4. The third source of understanding in music: What is beyond the turn, or “I know you, the Mask”

Let me remind you once again – as mentioned above, three things are necessary for understanding music, and the third one is not so obvious. This third requirement is the main peculiarity of the system I have developed. Without its comprehension, the acquaintance with the musical culture and ultimately with the process of understanding music will be difficult. The third component is present in other musical pedagogical systems, but in an unconscious way, which means that its potential cannot be effectively released. Moreover, even if the third component is present, it is not the objective, but a sort of side effect arising by itself, without any special pedagogical efforts aimed at its formation. I noticed this component in my youth, when I was busy with very different things: mathematics, linguistics, semiotics, systems theory, and other sciences with impressive names. These sciences suggested that it was possible to borrow their ideas for musical education. When I looked at this third component, I applied it to my teaching practice for the effective perception of the elements of thelanguage of music (see above – the first component). What does this mean?

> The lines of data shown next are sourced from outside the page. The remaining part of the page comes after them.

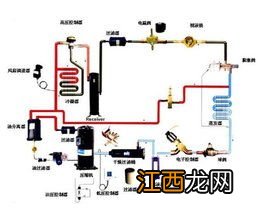 空调制冷原理 空调制冷原理介绍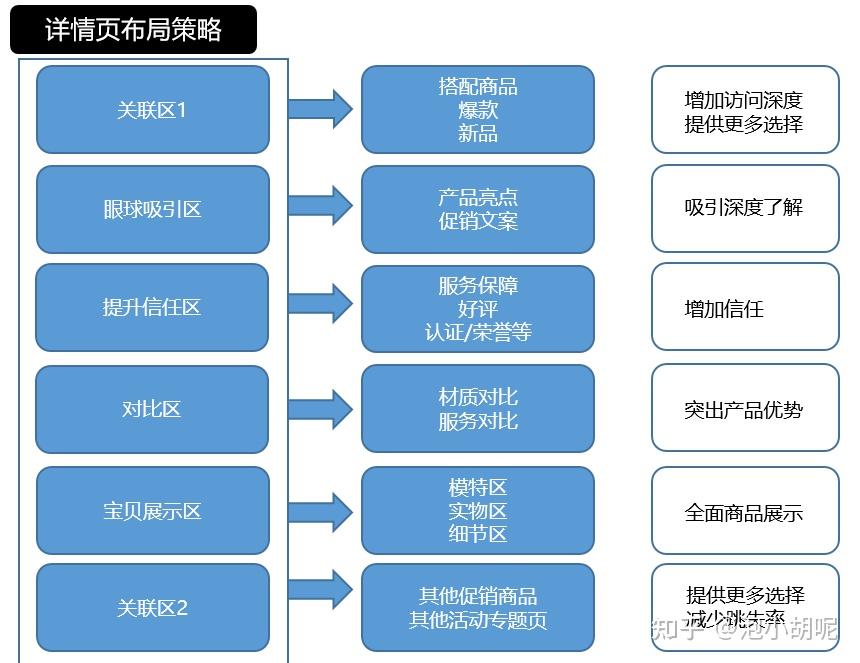 淘宝店铺销量提升攻略：前期基础销量打造与持续增长策略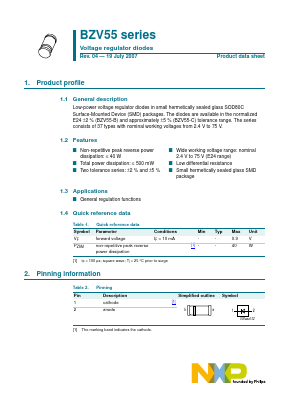 BZV55-C3V3 Datasheet PDF NXP Semiconductors.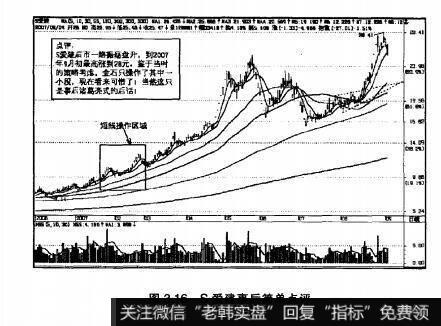 图3.16S爱建事后简单点评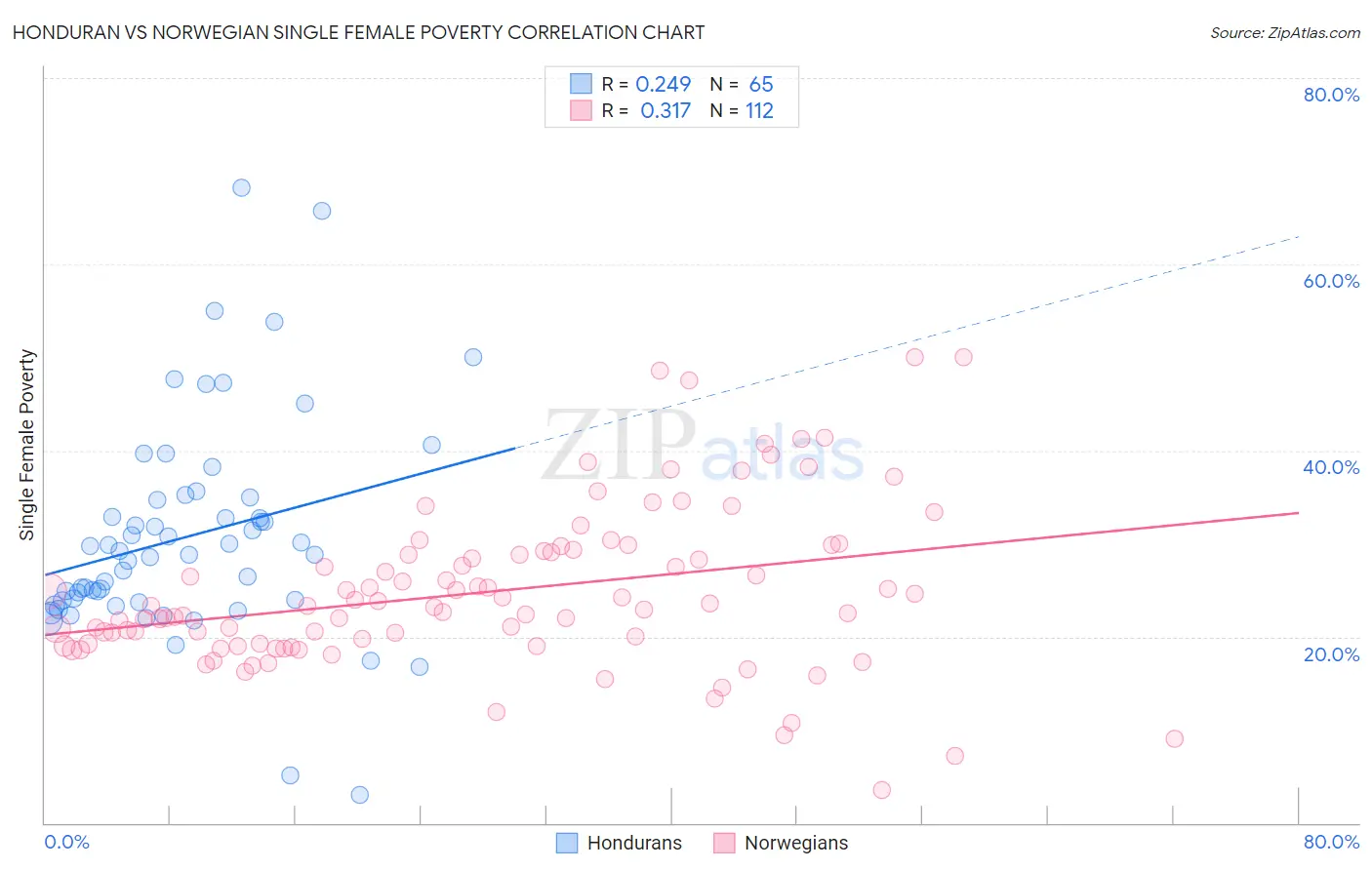 Honduran vs Norwegian Single Female Poverty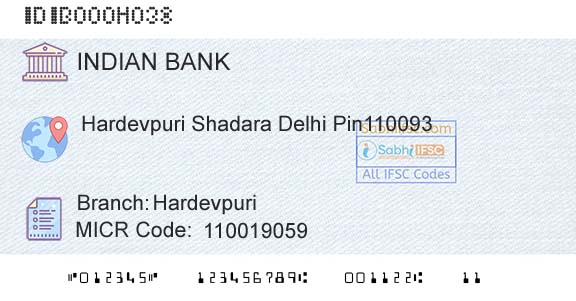 Indian Bank HardevpuriBranch 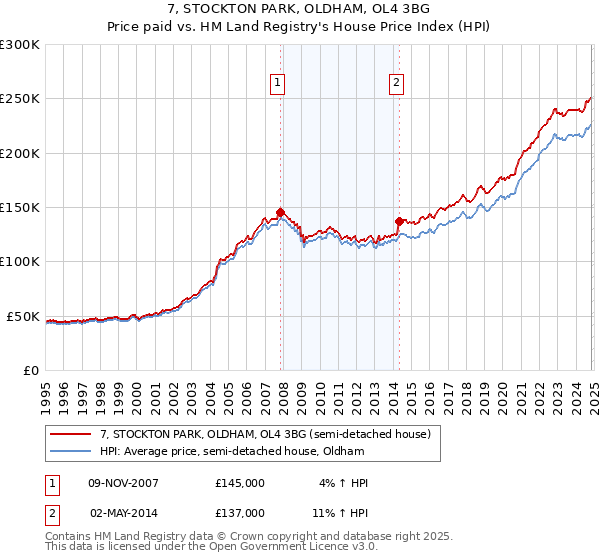 7, STOCKTON PARK, OLDHAM, OL4 3BG: Price paid vs HM Land Registry's House Price Index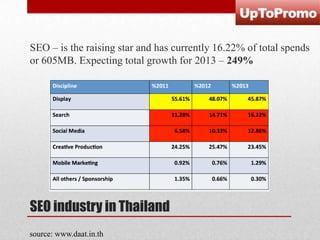 SEO – is the raising star and has currently 16.22% of total spends
or 605MB. Expecting total growth for 2013 – 249%

SEO industry in Thailand
source: www.daat.in.th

Imagine the following game. I set a word in a native language, say “globe”. If I give no information about the word, then your chance to guess is approximately 1 to 40,000 – this is the number of words in Penguin English Student’s Dictionary. However, if I tell you the first letter, i.e. “g”, your chances grow, but they are still minimal because there are too many words beginning with this letter. Nevertheless, if you want to say the second letter at random, there will be more chances, because not so many letters may follow the letter “g” in the English language. If you do not guess the second letter and I tell it to you, your chances will grow considerably but
still, you will have to try quite a few words, because there are around 50 words beginning with “gl”. After the third letter, your chances grow even higher: in the Penguin English Student’s Dictionary there are 17 words beginning with “glo…”. After the fourth letter, the chances grow even higher (only 2 words beginning with “glob”…). This letter would give a 50% opportunity to guess the word.

Now imagine that you had to guess a whole phrase rather than a single word, e.g. “Globe Theatre founded by Shakespeare”. It is obvious that guessing the letter “t” after the word “globe” would be less probable. With every coming letter, the probability will rise again. After guessing the word “Theatre”, the participant who had heard about it earlier would begin to guess the letters with higher probability than with the word “Globe”. Most probably, after the words “founded by” the participant would guess the end of the phrase with about 100% accuracy.

Now imagine that the participant was a foreigner who did not speak English and was not at all interested in drama and history. Then he/she would have to guess every letter and would not know that “Globe” and “Theatre” were two different words. In this case, the occurrence of each letter would be equally probable for him or her, and the whole phrase would be discovered letter by letter, each one being guessed with a probability of 1/26.

In general, it is clear that the completion of this phrase perception by a foreigner would differ greatly from its perception by a learned native speaker. While the native speaker’ perception would be full of active expectations, the foreigner’s perception would be passive,and would simply follow the incoming information without any active attempts to pre-empt it.

This insight into the language perception will help us to understand what “active perception and understanding of music” is. When we listen to a musical composition without any suppositions concerning on what will come next, we are like people listening to a message in a foreign language. If from time to time we make chaotic guesses on the text to follow, we are like foreigners who know some words from the language of the message. When making such suppositions in a “wave-like” way, with interposed breaks, we are like people listening to a message in their native language, without having a strong enough cultural background: they cannot make suppositions at the moment when one word has already finished, but the next one has not yet started. Finally, if we make suppositions all the time – regardless what part of these suppositions comes true – we are like a cultured person who perceives the message in the language he/she knows very well.

Why does it happen sometimes that these suppositions do not come true even in this last, ideal, case? Because the author of the message, like an author of a criminal story, has done his best to maintain our interest and not to bore us.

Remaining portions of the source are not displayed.